WHAT THIS TASK INVOLVES - With the pictures omitted, please transcribe exactly the lines beginning at the one that contains "Lamina Serra Circular" and ending with the last line of the records below.

===== TASK INPUTS

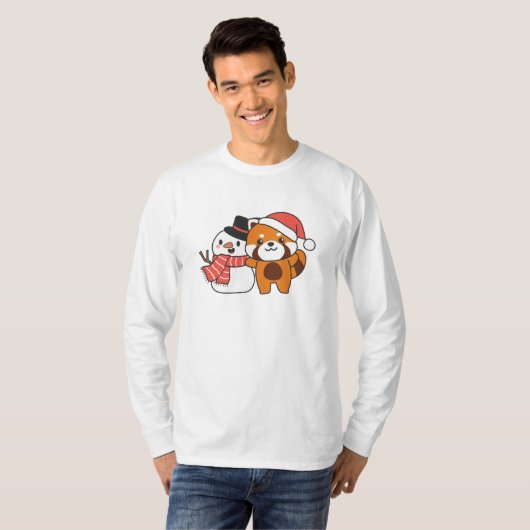 T-shirt Red Panda With Snowman In Winter For Christmas (Devant entier)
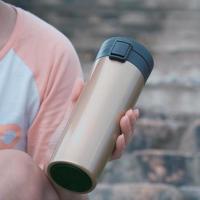 陶瓷内胆保温杯骨瓷真空杯咖啡杯泡茶杯车载便携随手杯文艺水杯子 香槟金380ml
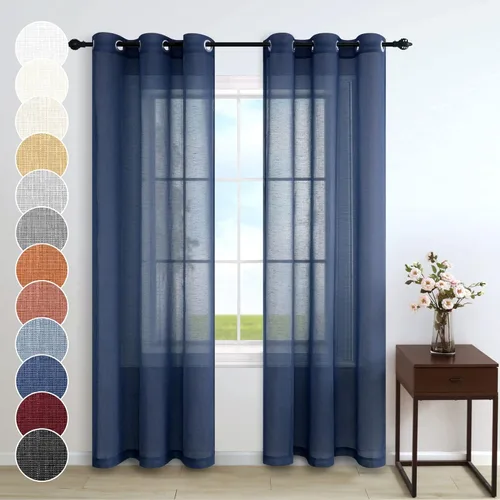 Vista 30 de Cortinas traslúcidas negras de 63 pulgadas de largo para decoración de dormitorio de niños, 2 paneles con ojales, cortinas de aspecto de lino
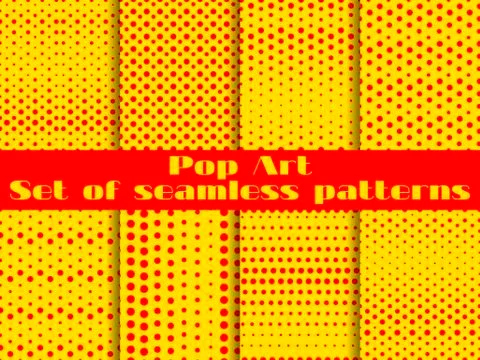 Dotted, Pop Art seamless pattern background. Set vector illustration. Illustrazione stock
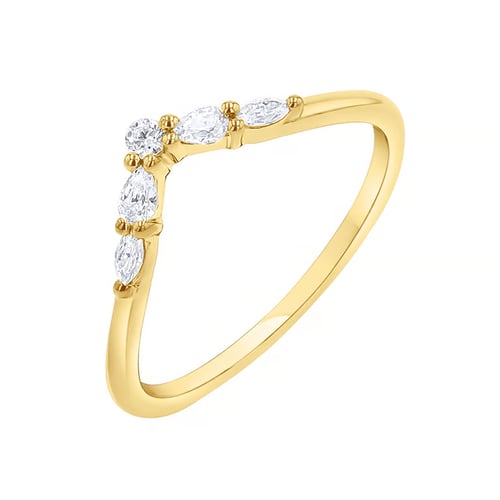 Vykrojený rozvodový prsten s round, pear a marquise lab-grown diamanty Iman
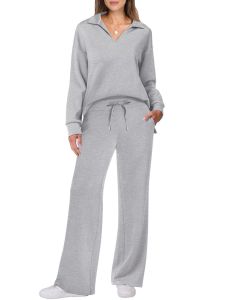 Long Sleeve V-Neck Sweatshirt and Wide Leg Pants Set for Women casual sports suit Long-sleeved V-neck sweatshirt + wide-leg pants two-piece suit for women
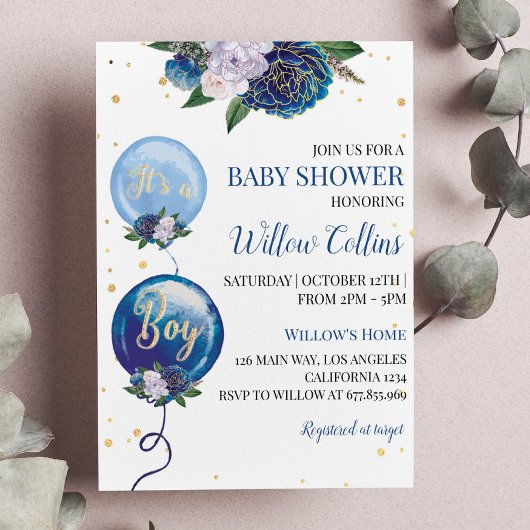 Ballon Floral Boy Baby shower Invitation Kaart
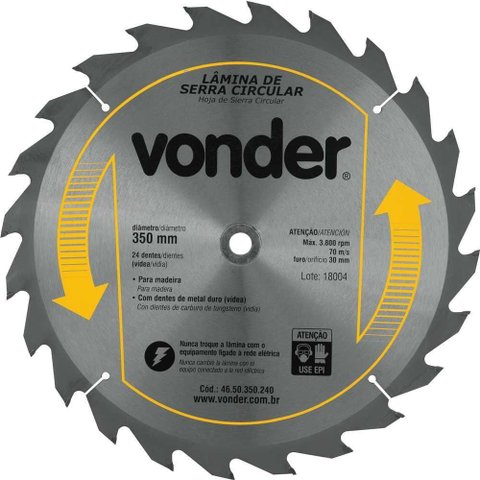 Lamina Serra Circular Videa 350x30x24d Vonder
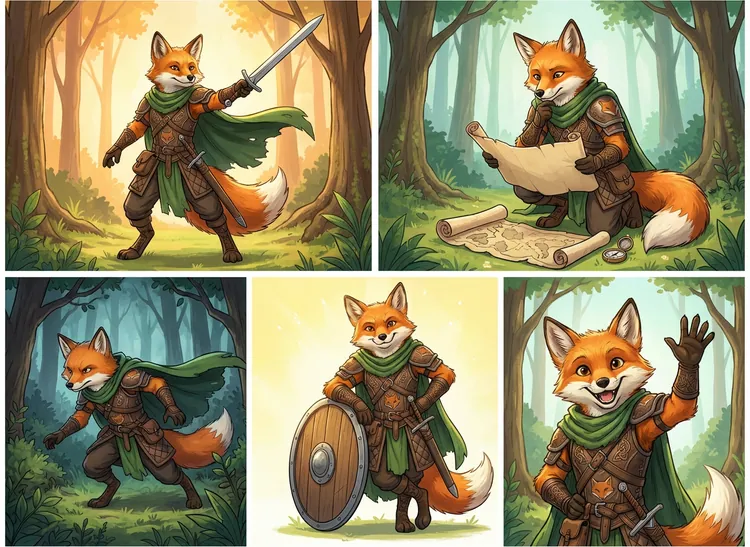 Consistent Character in Multiple Poses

==========

TASK RESULT -
 Lamina Serra Circular Videa 350x30x24d Vonder
 Consistent Character in Multiple Poses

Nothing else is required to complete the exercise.